◆ EXERCISE AIM: The listing below is to be written out word for word, minus its images.

◆ DATA SUPPLIED:
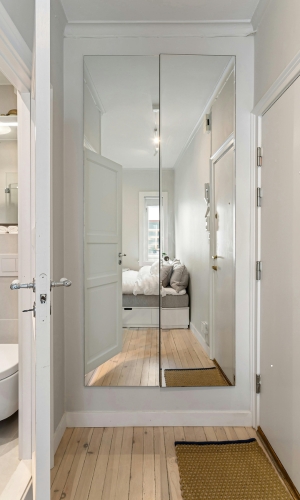 best mirrors for small spaces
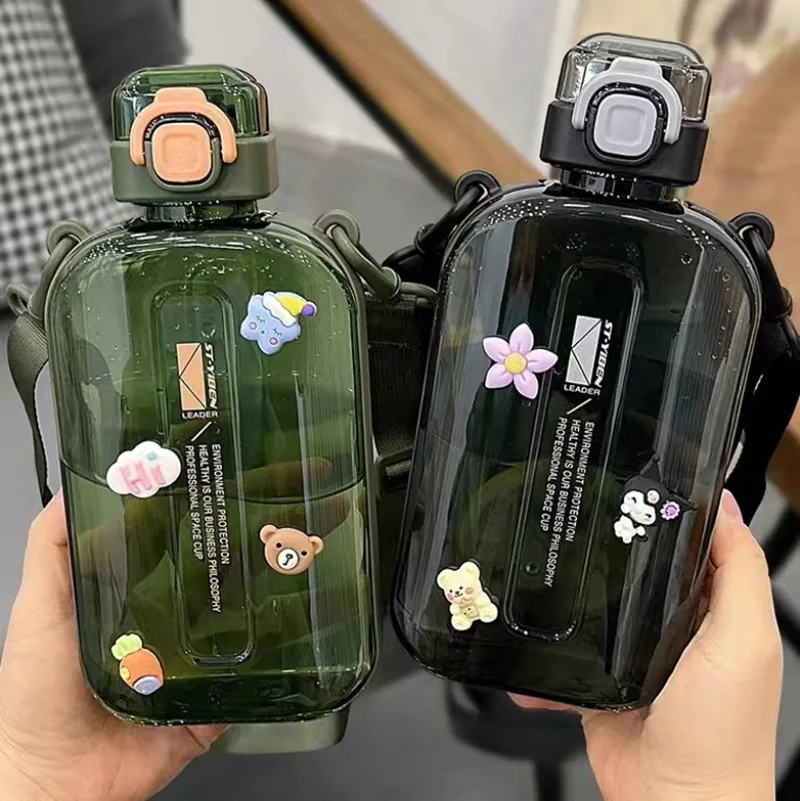 Детская пластиковая бутылка с трубочкой, 750 мл 
Детская пластиковая бутылка с трубочкой, 750 мл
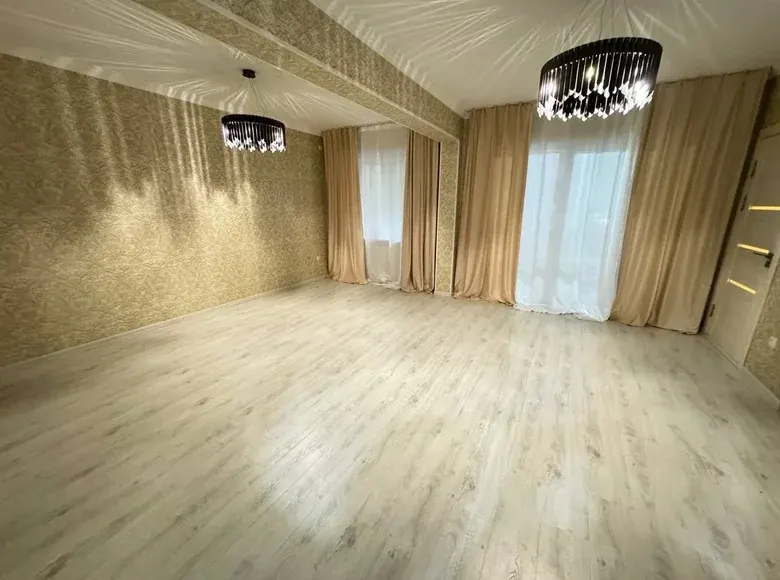 Продаётся 3-комнатная квартира, 92 м², 2/4 этаж — Мирзо-Улугбекский район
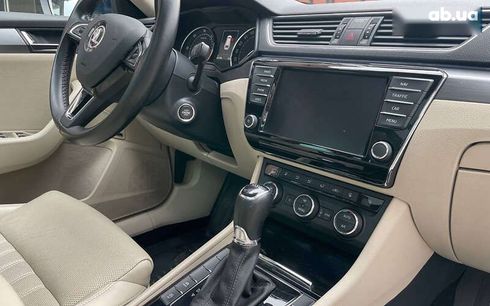 Skoda Superb 2016 - фото 15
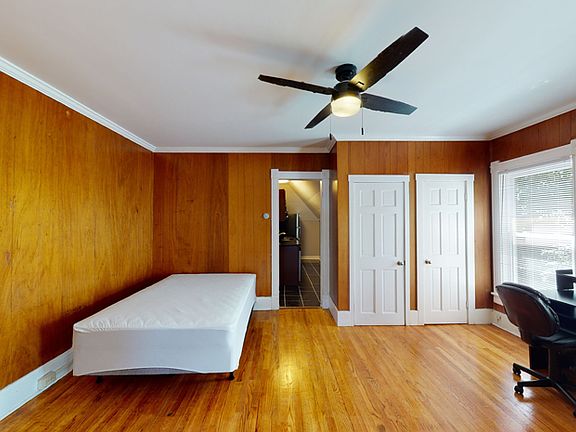 3rd image of 107 Comstock Ave APT 3
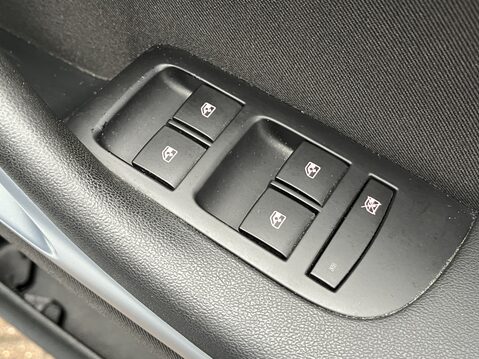 Vauxhall Zafira 1.4T Exclusiv 5dr 18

◆ TASK ANSWER:
 best mirrors for small spaces
 Детская пластиковая бутылка с трубочкой, 750 мл 
Детская пластиковая бутылка с трубочкой, 750 мл
 Продаётся 3-комнатная квартира, 92 м², 2/4 этаж — Мирзо-Улугбекский район
 Skoda Superb 2016 - фото 15
 3rd image of 107 Comstock Ave APT 3
 Vauxhall Zafira 1.4T Exclusiv 5dr 18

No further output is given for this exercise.